When the United States won the first World Cup of Hockey nearly 20 years ago, it wasn’t nearly as stunning as the 1980 Olympic team’s upset of the Soviet Union, but it was definitely in the conversation.
After all, to rally and beat a stacked Canada team in the deciding Game 3 of the event — Team USA had its share of high-end talent, too — was a superb accomplishment for the Americans.
And the final two games were held in Montreal after Game 1 was played in Philadelphia. Team USA rallied from a 2-1 deficit in the third period by scoring four goals in the final 3:18 of the game.
After the glow wore off, even the casual observer nowadays may not remember that event.
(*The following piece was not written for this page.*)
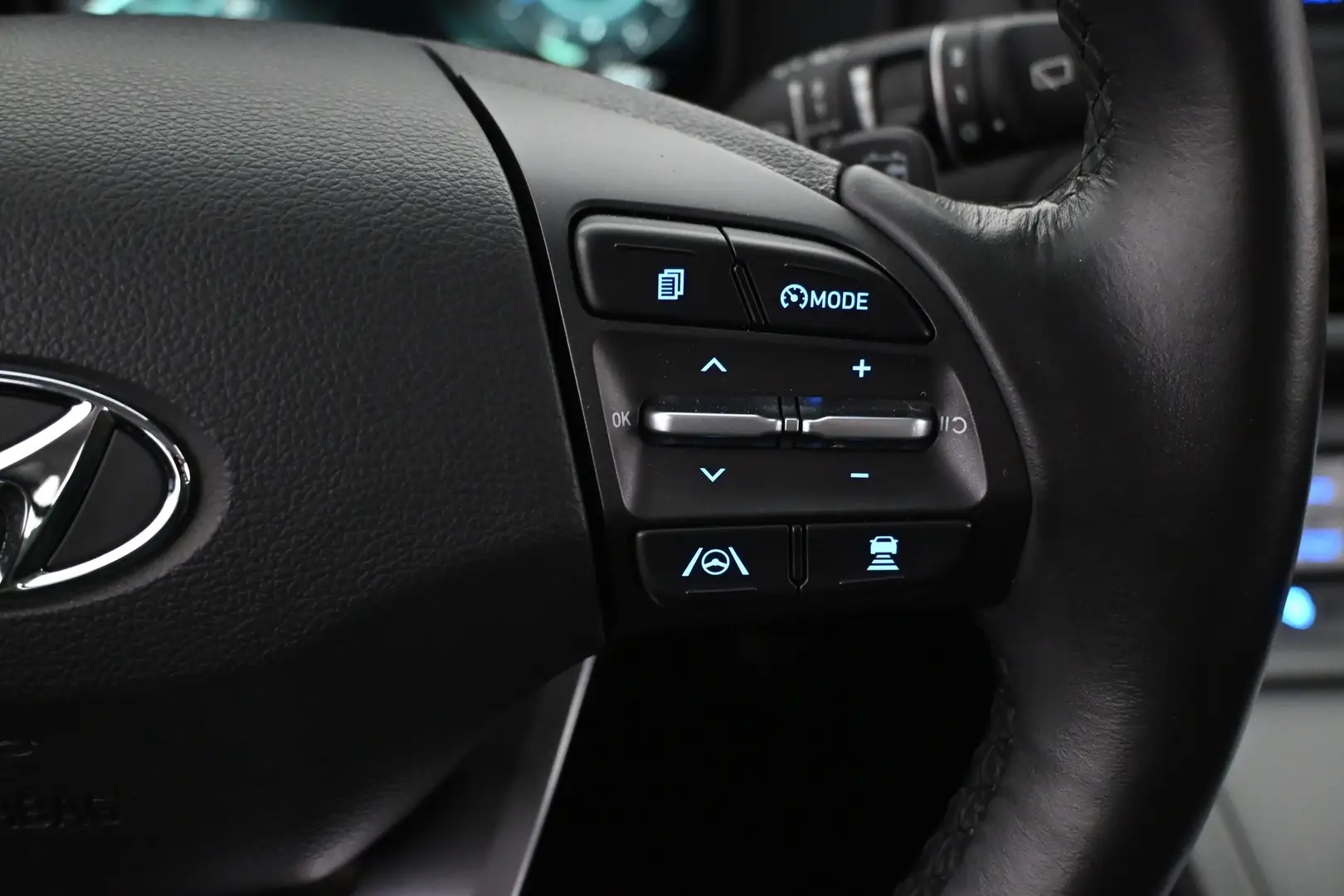Car Image - 78Gmp8ErdGXoqWwXqv6Zle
But earlier this week, it was announced that the entire U.S. team of 1996 will be inducted into the U.S. Hockey Hall of Fame. Many players from the team are already in as individuals.
Former Boston College standout Craig Janney and Bill Belisle, who is entering his 42nd season as head coach at Mount Saint Charles Academy in Woonsocket, R.I., in 2016-17, also will be enshrined.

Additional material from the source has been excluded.